**Aim of the exercise**
In your answer, set down the records below exactly as they stand, omitting pictures.

**Materials provided**
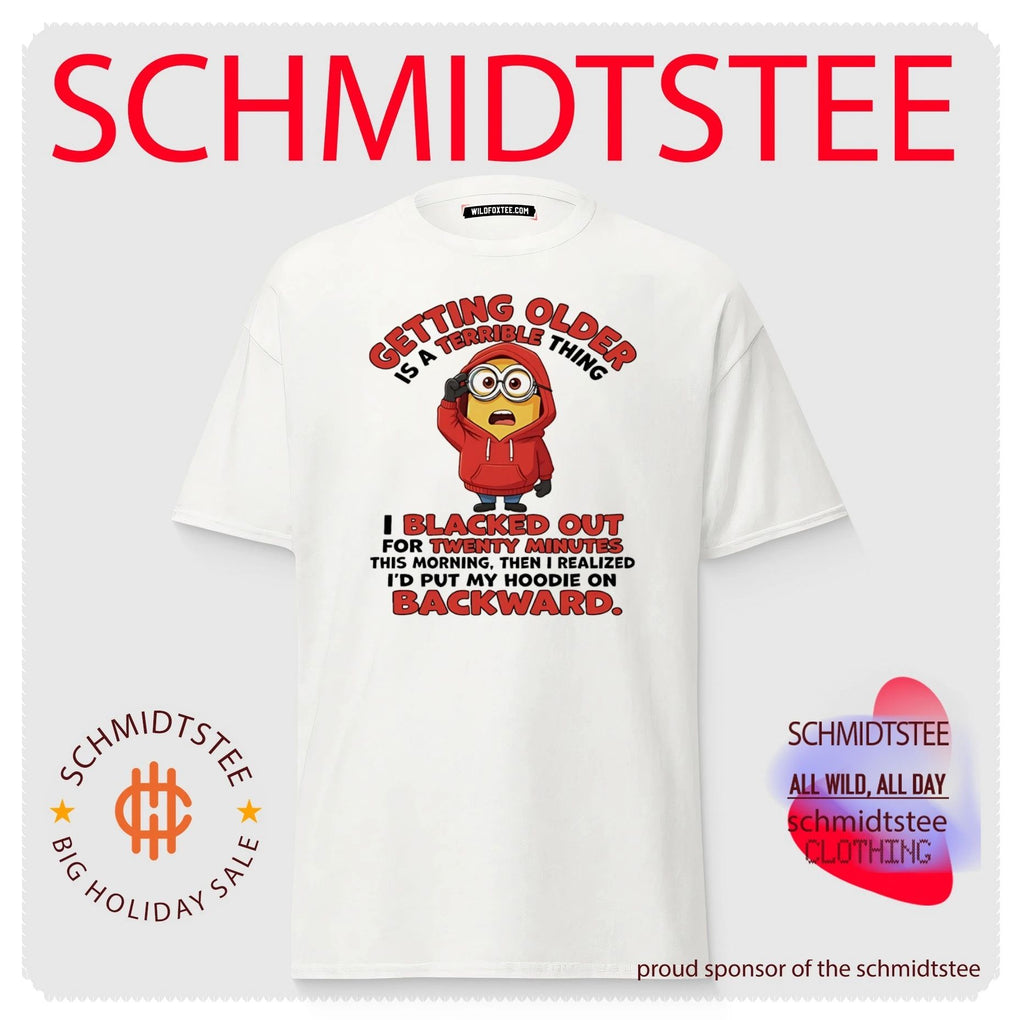 Getting older is a terrible thing I blacked out for twenty minutes Minion shirt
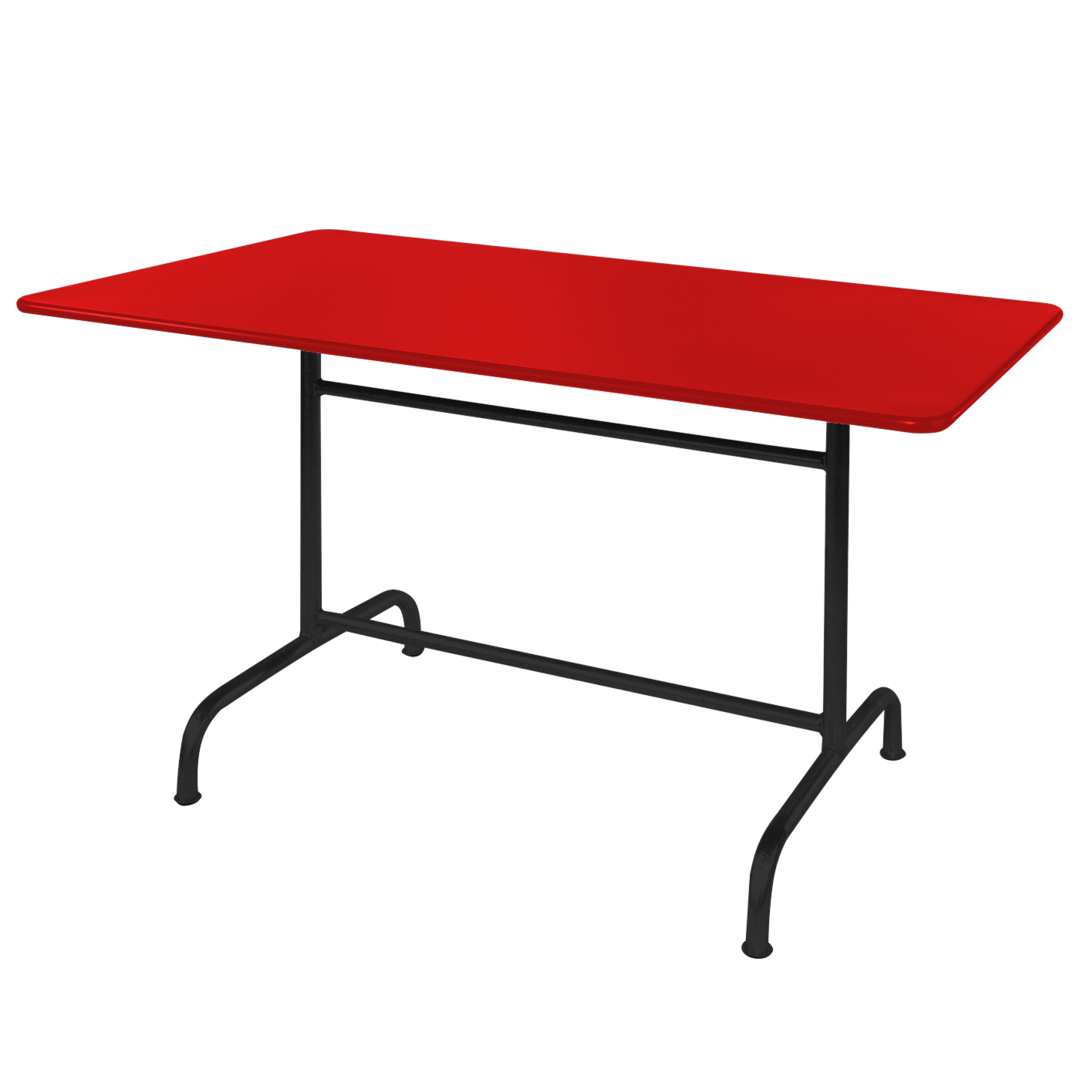 Schaffner Metalltisch Rigi 140 x 80 - Rot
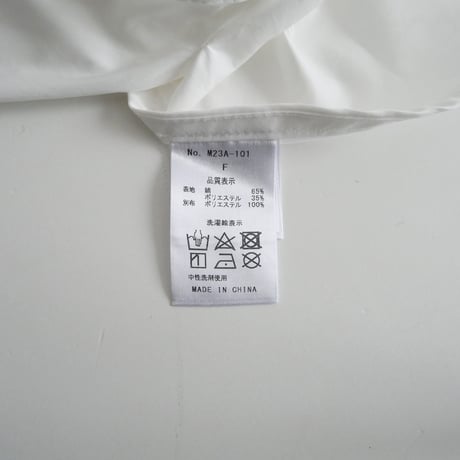 2023 / MACHATT / タイドッキングシャツ / 23020128 / 2402-0533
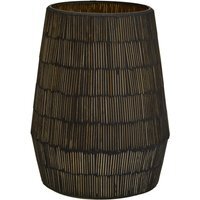 Gaia Large Mosaic Glass Candle Holder - Gold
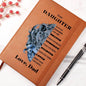 To My Daughter | Braver, Stronger, Smarter and Loved | Graphic Leather Journal - ALL4THEGIFTOFIT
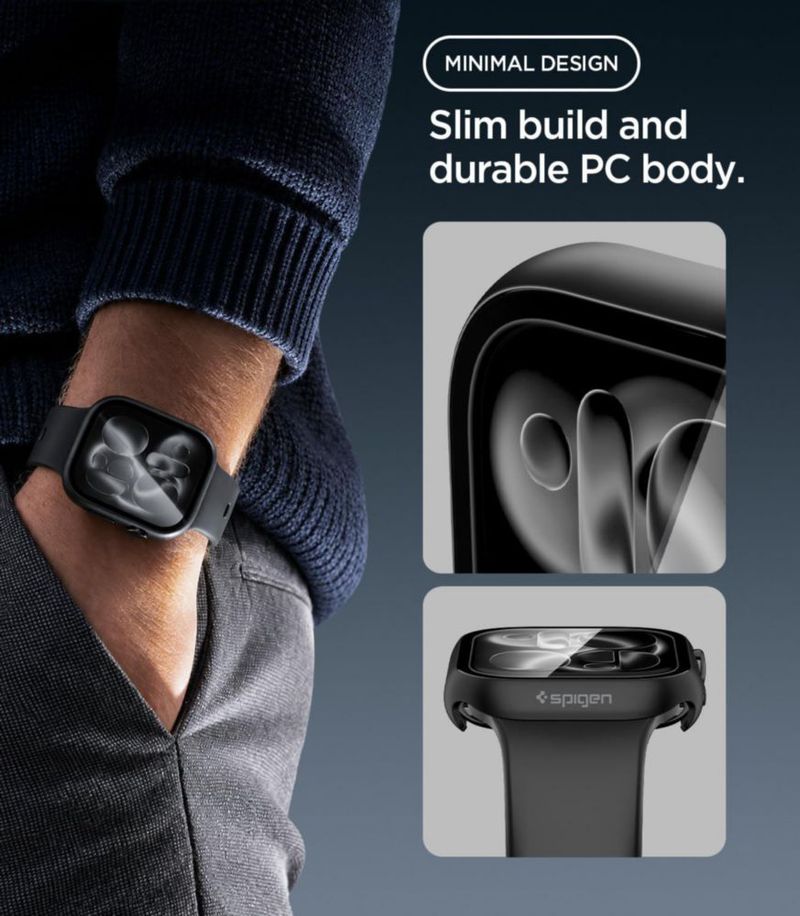 Funda Spigen Thin Fit 360 para Apple Watch Series 12 de 46 mm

**Written answer**
 Getting older is a terrible thing I blacked out for twenty minutes Minion shirt
 Schaffner Metalltisch Rigi 140 x 80 - Rot
 2023 / MACHATT / タイドッキングシャツ / 23020128 / 2402-0533
 Gaia Large Mosaic Glass Candle Holder - Gold
 To My Daughter | Braver, Stronger, Smarter and Loved | Graphic Leather Journal - ALL4THEGIFTOFIT
 Funda Spigen Thin Fit 360 para Apple Watch Series 12 de 46 mm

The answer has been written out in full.